> [Your task] Reproduce each line below precisely. Drop the pictures.

> [The data]
○ ○ ○ ○ ○

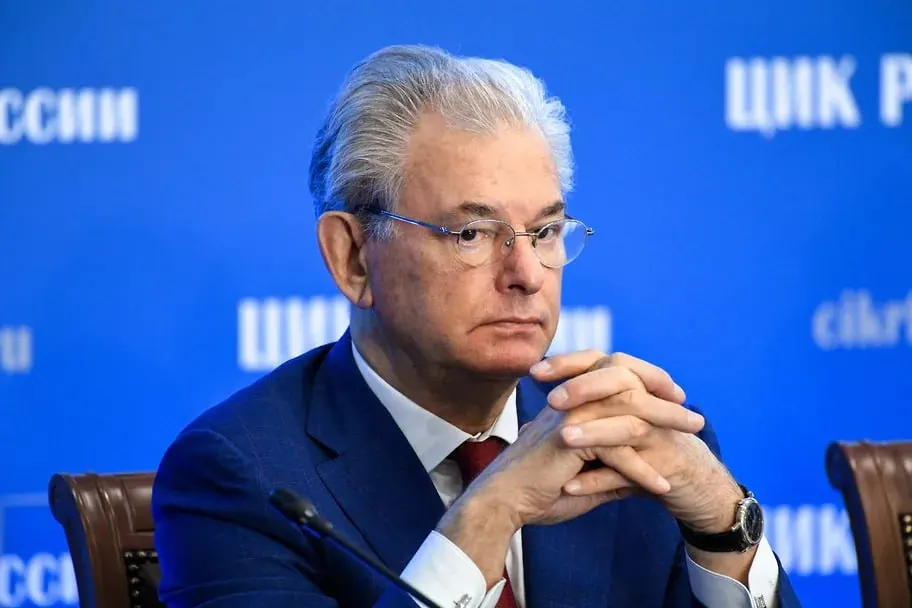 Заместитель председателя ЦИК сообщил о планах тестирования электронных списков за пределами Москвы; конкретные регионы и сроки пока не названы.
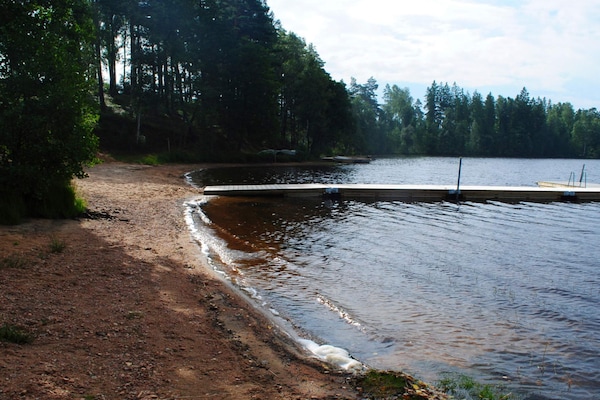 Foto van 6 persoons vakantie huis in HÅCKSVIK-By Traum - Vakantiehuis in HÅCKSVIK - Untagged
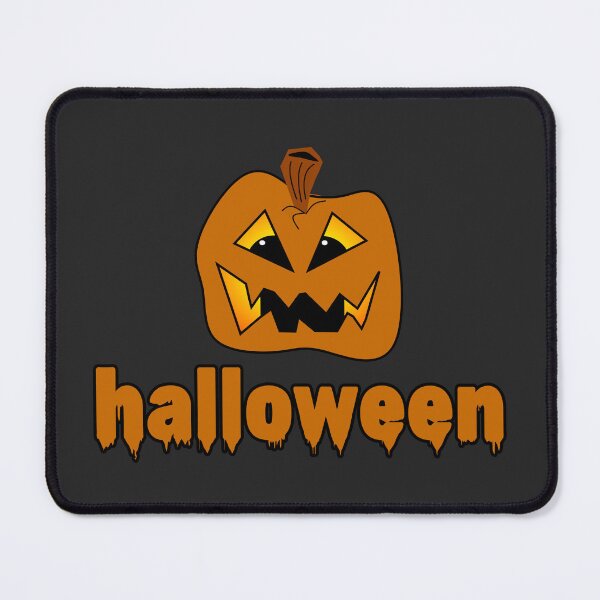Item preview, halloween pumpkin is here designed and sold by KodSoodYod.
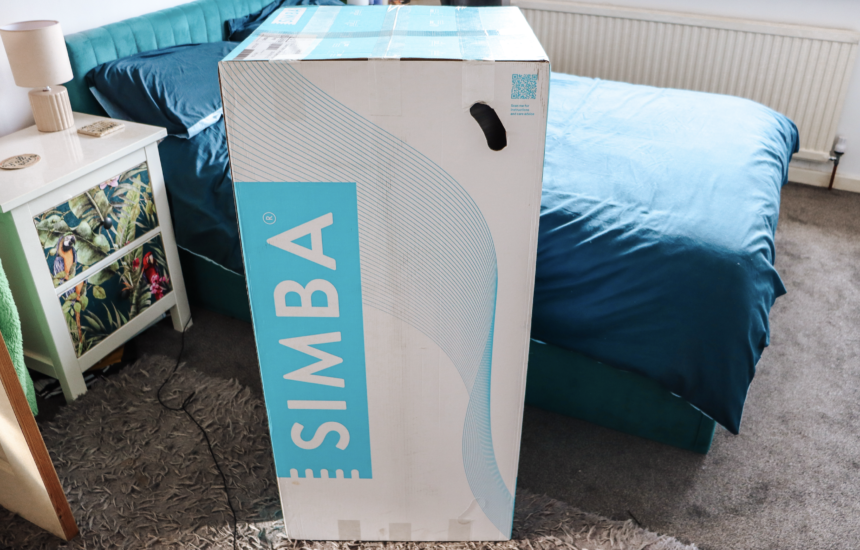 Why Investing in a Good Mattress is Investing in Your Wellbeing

○ ○ ○ ○ ○

> [Reply to the exercise]
 Заместитель председателя ЦИК сообщил о планах тестирования электронных списков за пределами Москвы; конкретные регионы и сроки пока не названы.
 Foto van 6 persoons vakantie huis in HÅCKSVIK-By Traum - Vakantiehuis in HÅCKSVIK - Untagged
Item preview, halloween pumpkin is here designed and sold by KodSoodYod.
 Why Investing in a Good Mattress is Investing in Your Wellbeing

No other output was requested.